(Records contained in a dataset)
▬▬▬▬▬▬▬▬▬▬
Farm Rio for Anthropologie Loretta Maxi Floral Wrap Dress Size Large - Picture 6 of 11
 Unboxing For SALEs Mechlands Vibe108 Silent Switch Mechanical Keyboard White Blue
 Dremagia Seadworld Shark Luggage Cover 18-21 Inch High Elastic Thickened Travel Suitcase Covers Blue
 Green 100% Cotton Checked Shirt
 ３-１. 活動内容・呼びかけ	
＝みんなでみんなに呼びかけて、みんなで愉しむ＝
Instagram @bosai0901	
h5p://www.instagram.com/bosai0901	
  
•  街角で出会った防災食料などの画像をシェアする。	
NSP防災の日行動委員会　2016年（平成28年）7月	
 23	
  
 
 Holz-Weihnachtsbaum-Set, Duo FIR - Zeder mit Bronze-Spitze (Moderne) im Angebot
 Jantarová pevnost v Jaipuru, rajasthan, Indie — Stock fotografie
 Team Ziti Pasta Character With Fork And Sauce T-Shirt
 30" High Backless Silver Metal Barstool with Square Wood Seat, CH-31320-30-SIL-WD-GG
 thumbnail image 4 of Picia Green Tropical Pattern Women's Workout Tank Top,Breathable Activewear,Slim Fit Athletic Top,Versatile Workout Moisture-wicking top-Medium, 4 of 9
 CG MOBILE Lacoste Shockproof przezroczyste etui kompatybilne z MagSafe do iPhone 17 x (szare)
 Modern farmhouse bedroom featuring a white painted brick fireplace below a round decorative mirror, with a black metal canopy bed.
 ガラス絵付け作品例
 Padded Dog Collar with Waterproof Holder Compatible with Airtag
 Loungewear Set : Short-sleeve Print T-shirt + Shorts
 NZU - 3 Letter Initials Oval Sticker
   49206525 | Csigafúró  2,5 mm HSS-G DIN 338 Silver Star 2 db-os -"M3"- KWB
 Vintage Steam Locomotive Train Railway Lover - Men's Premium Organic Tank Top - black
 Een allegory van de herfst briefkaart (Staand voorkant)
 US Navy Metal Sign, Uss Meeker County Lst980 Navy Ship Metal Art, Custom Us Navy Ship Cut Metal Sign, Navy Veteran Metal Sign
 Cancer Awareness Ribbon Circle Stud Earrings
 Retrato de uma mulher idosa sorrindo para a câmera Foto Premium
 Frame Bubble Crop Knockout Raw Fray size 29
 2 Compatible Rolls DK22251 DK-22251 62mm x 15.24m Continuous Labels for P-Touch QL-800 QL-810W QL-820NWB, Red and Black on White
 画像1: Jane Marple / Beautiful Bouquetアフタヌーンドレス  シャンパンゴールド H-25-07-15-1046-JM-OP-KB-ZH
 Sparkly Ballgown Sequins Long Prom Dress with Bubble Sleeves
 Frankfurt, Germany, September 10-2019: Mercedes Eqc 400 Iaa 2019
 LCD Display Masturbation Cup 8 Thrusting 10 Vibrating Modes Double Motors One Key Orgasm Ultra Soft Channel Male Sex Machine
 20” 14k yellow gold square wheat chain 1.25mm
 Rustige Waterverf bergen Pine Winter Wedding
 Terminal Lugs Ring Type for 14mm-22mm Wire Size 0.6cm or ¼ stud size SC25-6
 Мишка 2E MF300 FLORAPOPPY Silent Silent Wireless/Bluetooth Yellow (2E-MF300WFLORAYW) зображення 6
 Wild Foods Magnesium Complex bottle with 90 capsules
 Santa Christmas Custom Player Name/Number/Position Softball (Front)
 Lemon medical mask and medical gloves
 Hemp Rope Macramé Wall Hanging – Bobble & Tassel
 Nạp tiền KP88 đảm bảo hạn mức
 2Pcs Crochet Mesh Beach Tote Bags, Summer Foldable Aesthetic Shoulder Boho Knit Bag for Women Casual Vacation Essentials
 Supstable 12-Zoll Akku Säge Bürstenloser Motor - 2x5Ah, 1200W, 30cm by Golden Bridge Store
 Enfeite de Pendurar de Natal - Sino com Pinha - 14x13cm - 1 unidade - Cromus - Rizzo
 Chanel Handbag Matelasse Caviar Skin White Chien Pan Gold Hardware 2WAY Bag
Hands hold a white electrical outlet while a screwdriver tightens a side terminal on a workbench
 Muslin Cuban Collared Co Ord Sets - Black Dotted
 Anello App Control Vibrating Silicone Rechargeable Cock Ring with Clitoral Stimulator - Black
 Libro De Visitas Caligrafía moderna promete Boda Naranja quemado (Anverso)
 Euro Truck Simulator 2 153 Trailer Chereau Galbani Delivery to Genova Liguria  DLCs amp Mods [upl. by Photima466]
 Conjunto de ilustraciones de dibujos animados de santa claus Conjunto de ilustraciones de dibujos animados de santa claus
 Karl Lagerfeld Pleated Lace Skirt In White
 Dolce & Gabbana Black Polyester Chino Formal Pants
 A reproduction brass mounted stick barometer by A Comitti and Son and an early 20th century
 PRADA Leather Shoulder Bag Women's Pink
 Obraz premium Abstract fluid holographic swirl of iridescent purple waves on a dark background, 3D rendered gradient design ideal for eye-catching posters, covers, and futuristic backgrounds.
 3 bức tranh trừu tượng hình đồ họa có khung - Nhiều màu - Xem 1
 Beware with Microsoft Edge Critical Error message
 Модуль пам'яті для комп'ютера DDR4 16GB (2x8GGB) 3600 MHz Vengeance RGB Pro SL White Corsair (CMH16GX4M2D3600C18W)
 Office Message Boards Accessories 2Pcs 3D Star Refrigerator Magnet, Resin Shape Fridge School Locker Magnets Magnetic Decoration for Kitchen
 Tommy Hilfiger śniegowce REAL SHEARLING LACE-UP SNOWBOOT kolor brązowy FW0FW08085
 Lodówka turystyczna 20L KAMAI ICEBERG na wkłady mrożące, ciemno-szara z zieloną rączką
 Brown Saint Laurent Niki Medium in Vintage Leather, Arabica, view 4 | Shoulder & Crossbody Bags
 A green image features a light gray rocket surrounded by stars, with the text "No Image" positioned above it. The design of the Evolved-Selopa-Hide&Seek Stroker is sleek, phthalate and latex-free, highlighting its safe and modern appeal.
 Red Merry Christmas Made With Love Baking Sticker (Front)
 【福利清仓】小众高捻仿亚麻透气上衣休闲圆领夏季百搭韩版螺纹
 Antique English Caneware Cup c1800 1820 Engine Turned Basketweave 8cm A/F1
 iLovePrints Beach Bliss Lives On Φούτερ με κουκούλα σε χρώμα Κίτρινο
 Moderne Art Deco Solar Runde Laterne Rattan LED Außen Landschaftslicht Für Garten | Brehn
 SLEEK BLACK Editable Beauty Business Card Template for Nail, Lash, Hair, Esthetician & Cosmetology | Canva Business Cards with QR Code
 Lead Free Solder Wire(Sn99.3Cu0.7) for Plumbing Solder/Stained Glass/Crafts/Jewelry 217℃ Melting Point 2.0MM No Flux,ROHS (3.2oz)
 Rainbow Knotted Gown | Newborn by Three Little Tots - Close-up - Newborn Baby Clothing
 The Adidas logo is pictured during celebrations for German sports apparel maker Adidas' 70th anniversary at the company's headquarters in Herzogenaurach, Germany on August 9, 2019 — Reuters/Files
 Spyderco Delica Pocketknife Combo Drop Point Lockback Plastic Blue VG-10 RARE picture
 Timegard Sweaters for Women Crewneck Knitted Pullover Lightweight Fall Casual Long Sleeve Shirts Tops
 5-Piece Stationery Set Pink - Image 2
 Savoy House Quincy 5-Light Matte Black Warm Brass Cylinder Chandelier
▬▬▬▬▬▬▬▬▬▬
Note every line of the records that holds the word "Casual", and copy it.

WORKED SOLUTION:
 2Pcs Crochet Mesh Beach Tote Bags, Summer Foldable Aesthetic Shoulder Boho Knit Bag for Women Casual Vacation Essentials
 Timegard Sweaters for Women Crewneck Knitted Pullover Lightweight Fall Casual Long Sleeve Shirts Tops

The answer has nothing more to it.